= Problem to solve =
The answer must be the lines from the one containing "The image is" through the last line of the data below, copied exactly, with nothing else.

= Records provided =
------------------------------
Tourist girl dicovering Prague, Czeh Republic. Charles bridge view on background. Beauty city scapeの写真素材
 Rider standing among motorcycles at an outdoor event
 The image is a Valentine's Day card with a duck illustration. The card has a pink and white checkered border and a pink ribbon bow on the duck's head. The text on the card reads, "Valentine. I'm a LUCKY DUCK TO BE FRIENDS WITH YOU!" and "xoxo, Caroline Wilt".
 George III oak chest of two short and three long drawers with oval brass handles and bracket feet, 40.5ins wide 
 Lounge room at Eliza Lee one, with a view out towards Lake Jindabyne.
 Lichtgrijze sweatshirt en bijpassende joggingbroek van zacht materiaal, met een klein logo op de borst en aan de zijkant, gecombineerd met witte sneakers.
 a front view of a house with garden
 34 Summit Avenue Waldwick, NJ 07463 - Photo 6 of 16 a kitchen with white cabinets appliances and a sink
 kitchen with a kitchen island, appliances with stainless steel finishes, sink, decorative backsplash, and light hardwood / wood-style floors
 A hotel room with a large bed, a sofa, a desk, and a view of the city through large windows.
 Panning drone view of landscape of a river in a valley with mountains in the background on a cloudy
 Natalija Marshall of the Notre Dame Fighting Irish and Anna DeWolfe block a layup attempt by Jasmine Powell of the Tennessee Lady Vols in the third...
------------------------------
= Answer space =
 The image is a Valentine's Day card with a duck illustration. The card has a pink and white checkered border and a pink ribbon bow on the duck's head. The text on the card reads, "Valentine. I'm a LUCKY DUCK TO BE FRIENDS WITH YOU!" and "xoxo, Caroline Wilt".
 George III oak chest of two short and three long drawers with oval brass handles and bracket feet, 40.5ins wide 
 Lounge room at Eliza Lee one, with a view out towards Lake Jindabyne.
 Lichtgrijze sweatshirt en bijpassende joggingbroek van zacht materiaal, met een klein logo op de borst en aan de zijkant, gecombineerd met witte sneakers.
 a front view of a house with garden
 34 Summit Avenue Waldwick, NJ 07463 - Photo 6 of 16 a kitchen with white cabinets appliances and a sink
 kitchen with a kitchen island, appliances with stainless steel finishes, sink, decorative backsplash, and light hardwood / wood-style floors
 A hotel room with a large bed, a sofa, a desk, and a view of the city through large windows.
 Panning drone view of landscape of a river in a valley with mountains in the background on a cloudy
 Natalija Marshall of the Notre Dame Fighting Irish and Anna DeWolfe block a layup attempt by Jasmine Powell of the Tennessee Lady Vols in the third...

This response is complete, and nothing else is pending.